**WHAT TO PRODUCE**
Print each line exactly, from the one with "Hello, I'm going" to the very last line of the listing, and keep the pictures out.

**THE DATA**
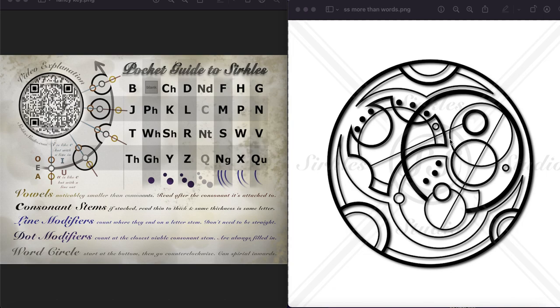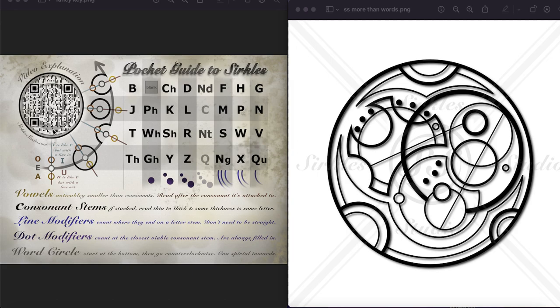And then we have this shallow divot with one, two sneaky little I's in there. Those guys count. So that would be a W. And then we have the O, very little guy hanging out inside the word circle. So this is just the line modifier from the S and the W. This is not the word circle. This is the word circle.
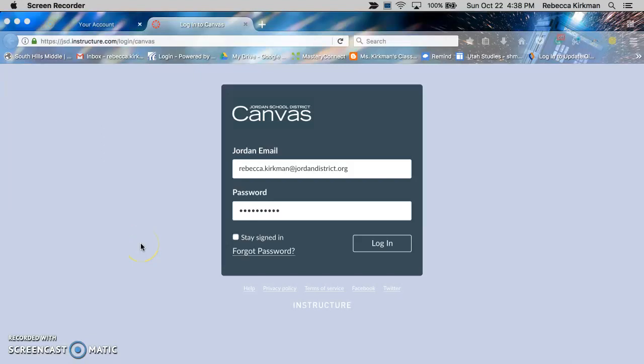Hello, I'm going to show you how to authorize your Google account in Canvas. It makes it a lot easier to work with Google Docs, Google Slides, or anything like this.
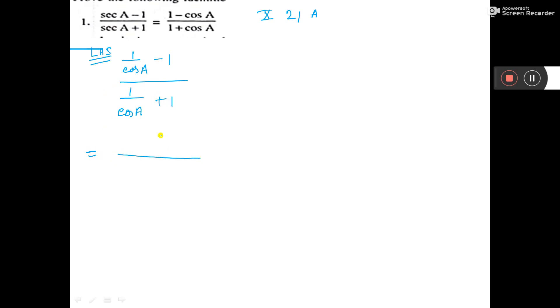Now, if you take LCM, LCM is cos A, so here is 1 minus cos A.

**WRITTEN ANSWER**
Hello, I'm going to show you how to authorize your Google account in Canvas. It makes it a lot easier to work with Google Docs, Google Slides, or anything like this.
Now, if you take LCM, LCM is cos A, so here is 1 minus cos A.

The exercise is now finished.